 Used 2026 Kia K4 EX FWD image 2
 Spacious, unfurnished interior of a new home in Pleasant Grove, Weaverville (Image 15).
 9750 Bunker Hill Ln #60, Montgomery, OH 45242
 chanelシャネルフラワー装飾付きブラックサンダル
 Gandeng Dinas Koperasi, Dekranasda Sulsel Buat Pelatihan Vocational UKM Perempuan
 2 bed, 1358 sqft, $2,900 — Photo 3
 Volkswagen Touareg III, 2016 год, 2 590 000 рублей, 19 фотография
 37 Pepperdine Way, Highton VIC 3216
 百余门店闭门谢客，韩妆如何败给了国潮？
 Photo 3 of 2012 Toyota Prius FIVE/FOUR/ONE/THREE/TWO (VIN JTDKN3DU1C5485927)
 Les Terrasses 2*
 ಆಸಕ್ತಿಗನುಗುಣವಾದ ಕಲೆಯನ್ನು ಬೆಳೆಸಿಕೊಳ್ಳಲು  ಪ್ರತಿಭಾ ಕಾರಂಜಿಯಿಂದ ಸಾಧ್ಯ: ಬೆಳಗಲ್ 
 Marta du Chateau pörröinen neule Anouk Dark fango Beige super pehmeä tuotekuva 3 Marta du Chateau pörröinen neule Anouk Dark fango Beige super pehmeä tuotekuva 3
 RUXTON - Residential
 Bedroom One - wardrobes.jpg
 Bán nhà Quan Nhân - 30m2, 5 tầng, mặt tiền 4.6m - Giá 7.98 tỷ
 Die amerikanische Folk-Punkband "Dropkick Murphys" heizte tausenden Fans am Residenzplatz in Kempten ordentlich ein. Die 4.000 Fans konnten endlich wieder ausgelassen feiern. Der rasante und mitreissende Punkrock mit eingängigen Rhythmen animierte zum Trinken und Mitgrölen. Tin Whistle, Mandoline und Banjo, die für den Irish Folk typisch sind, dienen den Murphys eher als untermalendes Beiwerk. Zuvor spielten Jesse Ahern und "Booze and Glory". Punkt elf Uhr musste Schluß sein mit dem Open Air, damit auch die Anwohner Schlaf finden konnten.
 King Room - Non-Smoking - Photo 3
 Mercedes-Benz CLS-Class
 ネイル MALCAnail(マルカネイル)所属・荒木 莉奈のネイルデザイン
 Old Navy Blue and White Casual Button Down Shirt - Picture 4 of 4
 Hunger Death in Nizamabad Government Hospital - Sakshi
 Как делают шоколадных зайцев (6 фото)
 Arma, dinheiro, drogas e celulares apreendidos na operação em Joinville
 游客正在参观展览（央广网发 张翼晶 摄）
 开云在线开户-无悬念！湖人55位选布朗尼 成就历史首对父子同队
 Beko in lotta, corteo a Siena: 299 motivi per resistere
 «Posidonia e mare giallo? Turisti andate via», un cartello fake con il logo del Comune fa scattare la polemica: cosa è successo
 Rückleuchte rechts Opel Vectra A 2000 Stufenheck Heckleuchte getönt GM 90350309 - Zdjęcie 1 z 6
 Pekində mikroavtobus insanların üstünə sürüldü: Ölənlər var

* [What the exercise asks]: Wherever the string "Photo" appears in the records above, copy the line it sits in.

* [Your solution]:
 2 bed, 1358 sqft, $2,900 — Photo 3
 Photo 3 of 2012 Toyota Prius FIVE/FOUR/ONE/THREE/TWO (VIN JTDKN3DU1C5485927)
 King Room - Non-Smoking - Photo 3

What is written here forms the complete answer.